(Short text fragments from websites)
.....
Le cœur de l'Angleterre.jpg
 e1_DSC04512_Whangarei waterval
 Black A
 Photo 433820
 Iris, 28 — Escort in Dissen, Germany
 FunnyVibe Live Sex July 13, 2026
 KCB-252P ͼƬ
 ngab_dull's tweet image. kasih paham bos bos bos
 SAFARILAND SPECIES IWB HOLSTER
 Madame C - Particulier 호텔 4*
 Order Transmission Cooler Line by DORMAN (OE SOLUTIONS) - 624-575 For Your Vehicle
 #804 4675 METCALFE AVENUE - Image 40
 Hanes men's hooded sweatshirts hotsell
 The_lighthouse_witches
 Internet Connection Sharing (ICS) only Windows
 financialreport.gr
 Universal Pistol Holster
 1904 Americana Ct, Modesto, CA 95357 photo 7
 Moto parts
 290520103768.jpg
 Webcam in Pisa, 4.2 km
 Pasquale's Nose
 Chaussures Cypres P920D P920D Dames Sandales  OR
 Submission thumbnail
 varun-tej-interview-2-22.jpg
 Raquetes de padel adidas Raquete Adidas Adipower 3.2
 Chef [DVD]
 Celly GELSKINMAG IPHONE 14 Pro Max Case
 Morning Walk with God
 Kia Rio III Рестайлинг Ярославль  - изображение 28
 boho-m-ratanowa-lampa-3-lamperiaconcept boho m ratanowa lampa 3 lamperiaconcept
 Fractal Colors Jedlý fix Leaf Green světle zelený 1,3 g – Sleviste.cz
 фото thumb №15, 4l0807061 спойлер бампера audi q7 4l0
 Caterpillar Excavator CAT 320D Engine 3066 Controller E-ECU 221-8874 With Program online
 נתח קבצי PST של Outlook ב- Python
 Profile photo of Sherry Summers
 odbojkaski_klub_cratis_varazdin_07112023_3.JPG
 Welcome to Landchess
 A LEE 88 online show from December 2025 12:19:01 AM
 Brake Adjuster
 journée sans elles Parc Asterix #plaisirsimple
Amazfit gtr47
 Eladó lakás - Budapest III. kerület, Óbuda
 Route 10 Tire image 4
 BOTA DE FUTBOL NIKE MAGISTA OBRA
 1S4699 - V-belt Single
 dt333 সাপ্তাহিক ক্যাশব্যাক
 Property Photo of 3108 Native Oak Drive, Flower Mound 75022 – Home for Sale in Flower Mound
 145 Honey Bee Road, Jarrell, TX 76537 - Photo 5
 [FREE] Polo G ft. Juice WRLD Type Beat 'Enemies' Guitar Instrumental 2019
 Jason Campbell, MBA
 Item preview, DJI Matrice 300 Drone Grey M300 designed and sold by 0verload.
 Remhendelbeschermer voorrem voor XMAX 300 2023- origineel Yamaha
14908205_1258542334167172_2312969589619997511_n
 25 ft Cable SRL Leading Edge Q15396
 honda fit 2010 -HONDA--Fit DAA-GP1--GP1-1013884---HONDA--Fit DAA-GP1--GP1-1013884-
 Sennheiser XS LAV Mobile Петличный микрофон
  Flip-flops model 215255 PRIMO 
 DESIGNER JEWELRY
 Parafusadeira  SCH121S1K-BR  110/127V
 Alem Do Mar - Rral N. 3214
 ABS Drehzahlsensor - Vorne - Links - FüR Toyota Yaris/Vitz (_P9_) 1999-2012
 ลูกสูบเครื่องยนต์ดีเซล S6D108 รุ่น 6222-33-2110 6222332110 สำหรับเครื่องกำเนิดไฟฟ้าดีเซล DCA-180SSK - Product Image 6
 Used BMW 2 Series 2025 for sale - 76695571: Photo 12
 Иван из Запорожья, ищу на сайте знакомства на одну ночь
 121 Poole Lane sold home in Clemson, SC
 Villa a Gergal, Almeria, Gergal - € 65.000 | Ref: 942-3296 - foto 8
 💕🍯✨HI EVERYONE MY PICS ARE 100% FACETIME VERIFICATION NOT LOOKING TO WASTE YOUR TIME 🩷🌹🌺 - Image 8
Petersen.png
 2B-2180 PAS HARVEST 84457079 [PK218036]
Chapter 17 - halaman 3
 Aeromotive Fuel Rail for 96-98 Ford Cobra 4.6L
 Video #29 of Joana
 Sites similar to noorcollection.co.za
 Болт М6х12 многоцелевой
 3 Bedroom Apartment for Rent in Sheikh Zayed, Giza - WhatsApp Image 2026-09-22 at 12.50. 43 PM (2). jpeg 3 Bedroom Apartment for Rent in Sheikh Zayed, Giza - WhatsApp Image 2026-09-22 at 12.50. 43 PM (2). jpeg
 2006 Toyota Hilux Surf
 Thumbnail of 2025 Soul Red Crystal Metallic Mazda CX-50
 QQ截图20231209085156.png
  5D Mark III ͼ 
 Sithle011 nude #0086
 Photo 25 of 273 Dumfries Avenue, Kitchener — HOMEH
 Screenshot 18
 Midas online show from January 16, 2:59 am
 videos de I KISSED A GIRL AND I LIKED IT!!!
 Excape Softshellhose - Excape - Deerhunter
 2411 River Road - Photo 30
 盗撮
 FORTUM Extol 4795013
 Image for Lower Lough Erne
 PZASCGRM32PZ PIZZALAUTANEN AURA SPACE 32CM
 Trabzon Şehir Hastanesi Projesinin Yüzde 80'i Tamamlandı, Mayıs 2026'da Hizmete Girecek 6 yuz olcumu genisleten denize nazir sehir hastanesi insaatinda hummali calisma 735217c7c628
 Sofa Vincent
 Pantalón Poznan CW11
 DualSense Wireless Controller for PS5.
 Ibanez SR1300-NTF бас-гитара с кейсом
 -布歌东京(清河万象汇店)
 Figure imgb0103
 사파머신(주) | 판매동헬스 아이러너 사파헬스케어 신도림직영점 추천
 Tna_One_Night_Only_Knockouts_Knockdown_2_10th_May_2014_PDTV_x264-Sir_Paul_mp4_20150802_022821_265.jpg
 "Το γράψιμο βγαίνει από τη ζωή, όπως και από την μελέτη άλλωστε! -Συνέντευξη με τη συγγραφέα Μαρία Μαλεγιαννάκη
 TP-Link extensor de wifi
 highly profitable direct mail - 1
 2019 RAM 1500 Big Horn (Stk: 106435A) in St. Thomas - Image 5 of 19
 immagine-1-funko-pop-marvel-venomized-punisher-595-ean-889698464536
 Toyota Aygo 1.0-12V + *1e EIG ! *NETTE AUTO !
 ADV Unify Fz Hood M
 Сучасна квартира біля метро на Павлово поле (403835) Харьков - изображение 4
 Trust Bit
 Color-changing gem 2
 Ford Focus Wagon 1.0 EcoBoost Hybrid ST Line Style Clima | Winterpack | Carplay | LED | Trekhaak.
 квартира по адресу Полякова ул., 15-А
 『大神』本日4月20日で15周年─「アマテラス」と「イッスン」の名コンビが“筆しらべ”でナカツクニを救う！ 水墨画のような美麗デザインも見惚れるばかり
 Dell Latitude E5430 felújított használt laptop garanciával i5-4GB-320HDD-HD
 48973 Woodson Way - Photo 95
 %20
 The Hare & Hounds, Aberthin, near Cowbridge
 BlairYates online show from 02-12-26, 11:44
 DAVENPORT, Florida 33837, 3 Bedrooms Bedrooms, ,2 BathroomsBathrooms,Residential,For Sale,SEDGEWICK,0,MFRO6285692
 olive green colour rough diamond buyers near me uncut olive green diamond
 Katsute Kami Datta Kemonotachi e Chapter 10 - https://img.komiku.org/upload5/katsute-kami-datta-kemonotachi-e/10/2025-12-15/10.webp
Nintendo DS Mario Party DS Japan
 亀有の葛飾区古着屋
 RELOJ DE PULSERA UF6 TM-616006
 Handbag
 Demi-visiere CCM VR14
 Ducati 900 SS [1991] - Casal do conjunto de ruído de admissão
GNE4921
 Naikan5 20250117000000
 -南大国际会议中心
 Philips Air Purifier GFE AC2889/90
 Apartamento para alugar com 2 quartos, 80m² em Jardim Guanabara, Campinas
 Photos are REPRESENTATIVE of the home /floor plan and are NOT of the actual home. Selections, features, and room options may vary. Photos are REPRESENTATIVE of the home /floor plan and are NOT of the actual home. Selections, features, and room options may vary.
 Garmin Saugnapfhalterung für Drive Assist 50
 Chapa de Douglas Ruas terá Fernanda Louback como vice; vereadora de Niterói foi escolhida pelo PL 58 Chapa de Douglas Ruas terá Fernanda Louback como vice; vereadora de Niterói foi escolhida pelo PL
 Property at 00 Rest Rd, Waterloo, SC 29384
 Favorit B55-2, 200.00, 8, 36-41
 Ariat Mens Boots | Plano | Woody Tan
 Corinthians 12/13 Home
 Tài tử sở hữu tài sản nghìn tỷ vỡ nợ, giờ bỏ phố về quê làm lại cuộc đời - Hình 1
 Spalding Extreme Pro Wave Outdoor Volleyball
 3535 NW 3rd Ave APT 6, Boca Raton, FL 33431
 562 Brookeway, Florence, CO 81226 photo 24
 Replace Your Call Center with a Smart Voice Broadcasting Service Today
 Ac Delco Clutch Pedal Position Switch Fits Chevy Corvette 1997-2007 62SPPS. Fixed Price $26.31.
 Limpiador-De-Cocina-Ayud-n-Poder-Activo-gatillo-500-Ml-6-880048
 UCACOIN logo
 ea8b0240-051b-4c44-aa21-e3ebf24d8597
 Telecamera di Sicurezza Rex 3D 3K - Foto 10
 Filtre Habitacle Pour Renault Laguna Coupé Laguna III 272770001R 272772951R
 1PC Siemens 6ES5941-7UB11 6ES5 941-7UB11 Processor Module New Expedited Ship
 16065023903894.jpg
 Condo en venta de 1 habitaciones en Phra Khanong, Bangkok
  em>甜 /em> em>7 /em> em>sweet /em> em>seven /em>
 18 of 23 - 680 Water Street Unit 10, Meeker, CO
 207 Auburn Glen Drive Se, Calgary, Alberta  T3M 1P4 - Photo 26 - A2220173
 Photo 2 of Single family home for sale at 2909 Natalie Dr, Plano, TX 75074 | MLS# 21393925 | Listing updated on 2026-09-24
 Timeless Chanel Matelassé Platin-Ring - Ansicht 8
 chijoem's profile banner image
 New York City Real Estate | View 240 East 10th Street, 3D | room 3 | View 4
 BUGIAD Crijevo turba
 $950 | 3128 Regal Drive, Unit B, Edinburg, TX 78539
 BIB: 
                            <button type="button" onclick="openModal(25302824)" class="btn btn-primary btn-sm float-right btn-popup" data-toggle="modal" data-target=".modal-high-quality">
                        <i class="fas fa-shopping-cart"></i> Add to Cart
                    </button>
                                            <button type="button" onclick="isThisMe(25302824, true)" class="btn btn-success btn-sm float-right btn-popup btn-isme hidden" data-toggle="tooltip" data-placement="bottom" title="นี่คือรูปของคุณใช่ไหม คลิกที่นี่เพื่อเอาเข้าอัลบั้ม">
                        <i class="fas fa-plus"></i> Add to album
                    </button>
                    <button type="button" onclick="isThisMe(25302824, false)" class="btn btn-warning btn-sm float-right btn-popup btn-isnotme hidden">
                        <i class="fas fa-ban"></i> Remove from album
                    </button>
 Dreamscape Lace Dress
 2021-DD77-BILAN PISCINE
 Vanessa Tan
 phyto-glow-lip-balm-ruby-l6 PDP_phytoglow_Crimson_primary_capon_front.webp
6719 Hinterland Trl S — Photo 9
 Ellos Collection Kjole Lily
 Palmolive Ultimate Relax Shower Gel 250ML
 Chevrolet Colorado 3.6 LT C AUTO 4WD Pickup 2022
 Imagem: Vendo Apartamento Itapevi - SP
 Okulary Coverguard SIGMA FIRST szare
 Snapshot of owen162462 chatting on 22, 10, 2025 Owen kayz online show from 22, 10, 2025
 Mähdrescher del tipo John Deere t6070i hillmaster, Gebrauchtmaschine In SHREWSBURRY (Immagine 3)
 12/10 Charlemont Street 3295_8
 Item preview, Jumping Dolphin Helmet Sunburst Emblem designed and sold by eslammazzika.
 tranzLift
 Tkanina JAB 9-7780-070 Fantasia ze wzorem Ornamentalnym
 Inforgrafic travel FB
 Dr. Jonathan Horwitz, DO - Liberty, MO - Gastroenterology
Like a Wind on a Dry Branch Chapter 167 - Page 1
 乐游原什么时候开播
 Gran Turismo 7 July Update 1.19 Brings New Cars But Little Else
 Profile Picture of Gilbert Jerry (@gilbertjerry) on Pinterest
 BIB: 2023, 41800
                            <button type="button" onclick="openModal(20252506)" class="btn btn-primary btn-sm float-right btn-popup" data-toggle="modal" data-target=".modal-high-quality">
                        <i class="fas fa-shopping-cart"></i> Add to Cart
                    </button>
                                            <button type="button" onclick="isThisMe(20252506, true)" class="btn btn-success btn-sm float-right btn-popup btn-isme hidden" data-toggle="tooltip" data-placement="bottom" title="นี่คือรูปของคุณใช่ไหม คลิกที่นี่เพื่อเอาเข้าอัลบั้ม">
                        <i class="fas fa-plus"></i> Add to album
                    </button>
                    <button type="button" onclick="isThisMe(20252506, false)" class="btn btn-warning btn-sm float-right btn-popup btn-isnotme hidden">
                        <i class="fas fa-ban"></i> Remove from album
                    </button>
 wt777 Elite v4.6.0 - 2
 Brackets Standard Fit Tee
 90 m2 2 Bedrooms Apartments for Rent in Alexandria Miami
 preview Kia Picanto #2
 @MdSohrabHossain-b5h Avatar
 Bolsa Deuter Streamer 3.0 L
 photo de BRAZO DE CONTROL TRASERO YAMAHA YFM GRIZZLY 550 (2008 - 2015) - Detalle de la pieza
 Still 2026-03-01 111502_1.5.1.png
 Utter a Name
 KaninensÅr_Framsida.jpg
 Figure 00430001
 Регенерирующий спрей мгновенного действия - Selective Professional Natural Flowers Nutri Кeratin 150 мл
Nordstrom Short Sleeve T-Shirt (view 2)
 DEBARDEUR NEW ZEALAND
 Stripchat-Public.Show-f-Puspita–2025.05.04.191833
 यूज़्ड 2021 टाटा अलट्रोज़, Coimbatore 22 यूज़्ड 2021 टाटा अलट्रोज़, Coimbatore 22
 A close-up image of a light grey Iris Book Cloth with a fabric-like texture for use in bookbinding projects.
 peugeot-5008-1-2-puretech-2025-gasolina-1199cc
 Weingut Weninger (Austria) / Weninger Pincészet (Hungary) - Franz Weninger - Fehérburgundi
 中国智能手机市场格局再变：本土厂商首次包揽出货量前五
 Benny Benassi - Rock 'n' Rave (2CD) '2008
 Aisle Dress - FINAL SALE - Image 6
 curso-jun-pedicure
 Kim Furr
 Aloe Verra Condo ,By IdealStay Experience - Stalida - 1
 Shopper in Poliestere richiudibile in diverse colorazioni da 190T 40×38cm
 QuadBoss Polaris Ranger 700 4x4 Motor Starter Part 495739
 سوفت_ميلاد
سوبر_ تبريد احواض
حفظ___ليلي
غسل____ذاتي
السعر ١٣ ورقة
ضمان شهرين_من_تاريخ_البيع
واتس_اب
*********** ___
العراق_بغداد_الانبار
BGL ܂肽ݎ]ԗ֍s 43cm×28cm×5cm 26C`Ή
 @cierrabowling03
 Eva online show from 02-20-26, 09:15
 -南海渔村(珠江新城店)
.....
**What is needed**
Among the lines above, repeat exactly those from the line with "ลูกสูบเครื่องยนต์ดีเซล S6D108 รุ่น" to the line with "2B-2180 PAS HARVEST 84457079 [PK218036]", counting both ends.

**Result**
 ลูกสูบเครื่องยนต์ดีเซล S6D108 รุ่น 6222-33-2110 6222332110 สำหรับเครื่องกำเนิดไฟฟ้าดีเซล DCA-180SSK - Product Image 6
 Used BMW 2 Series 2025 for sale - 76695571: Photo 12
 Иван из Запорожья, ищу на сайте знакомства на одну ночь
 121 Poole Lane sold home in Clemson, SC
 Villa a Gergal, Almeria, Gergal - € 65.000 | Ref: 942-3296 - foto 8
 💕🍯✨HI EVERYONE MY PICS ARE 100% FACETIME VERIFICATION NOT LOOKING TO WASTE YOUR TIME 🩷🌹🌺 - Image 8
Petersen.png
 2B-2180 PAS HARVEST 84457079 [PK218036]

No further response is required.